Roberto Beccantini9 March 2025

Cinque vittorie di fila, la miglior difesa, le edicole che blateravano di scudetto. Poi arriva la Dea che, fra parentesi, allo Stadium non perde dal 14 marzo 2018: zero a quattro. E il migliore è stato il portiere, Di Gregorio. Mentre gli opliti del Gasp, tutti dall’otto in su salvo Carnesecchi, impegnato solo agli sgoccioli del massacro. Un trionfo, l’Atalanta. Una lezione di personalità, di gioco, di gambe. E una trama lontana, lontanissima dall’1-1 dell’andata, ordalia che offrì una delle Juventus più piene.
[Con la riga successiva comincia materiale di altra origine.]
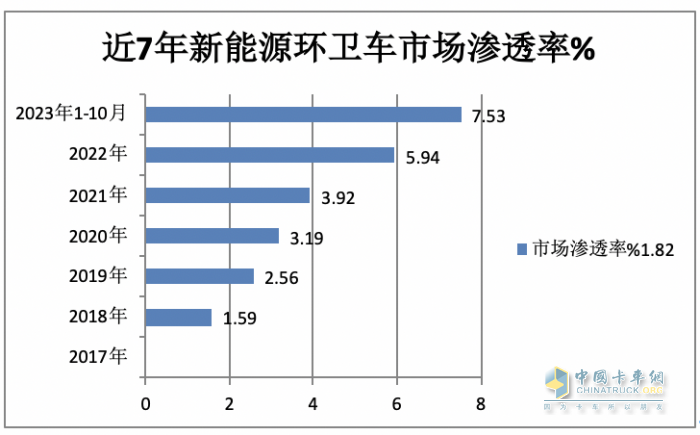 前10月新能源環(huán)衛(wèi)車：實(shí)銷4875輛增27.28%混動(dòng)領(lǐng)漲；盈峰環(huán)境\\宇通\\福龍馬居前三；福龍馬領(lǐng)漲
Il mani-comio di McKennie, al 28’, e il rigore trasformato da Retegui hanno spaccato equilibri già fragili. In trasferta è «diversa», la Dea. Si sapeva. In casa, come documentano gli 0-0 con Cagliari e Venezia, soffre i muri. In viaggio, ne trova di meno. O trova «questa» Juventus. E così va via di forza, di slancio. Assorbe e riparte. Gasp si gioca subito Cuadrado: bella idea. Thiago, Nico a sinisra e Yildiz (menomato da un virus, ho letto) a destra: bruttissime idee. Ogni palla persa, le terga offerte agli avversari. Che ringhiano, che azzannano, che mordono.

Tra la fine del primo tempo e l’inizio del secondo succede di tutto: palo di Lookman, doppio miracolo di Di Gregorio su Lookman e Zappacosta. Quindi lo sgorbio di Kelly, l’ennesimo tuffo di Di Gregorio su Lookman e la randellata di capitan De Roon. Era entrato Koop, era uscita – da un pezzo – Madama. Fischiata e abbandonata. Fumo negli occhi, i cambi di Motta: Kolasinac, col tacco 12, smarca Zappacosta. E da un grottesco patatrac di Vlahovic sgorga il poker di Lookman. Ineluttabile sì, ma persino ovvio, naturale.

La classifica recita: Inter 61, Napoli 60, Atalanta 58. E domenica sera, Atalanta-Inter. Madama, in compenso, andrà a Firenze, abbarbicata a un quarto posto che molto scricchiola. Li avevamo tanto illusi, per un’estate e forse più. Anno zero (a 4).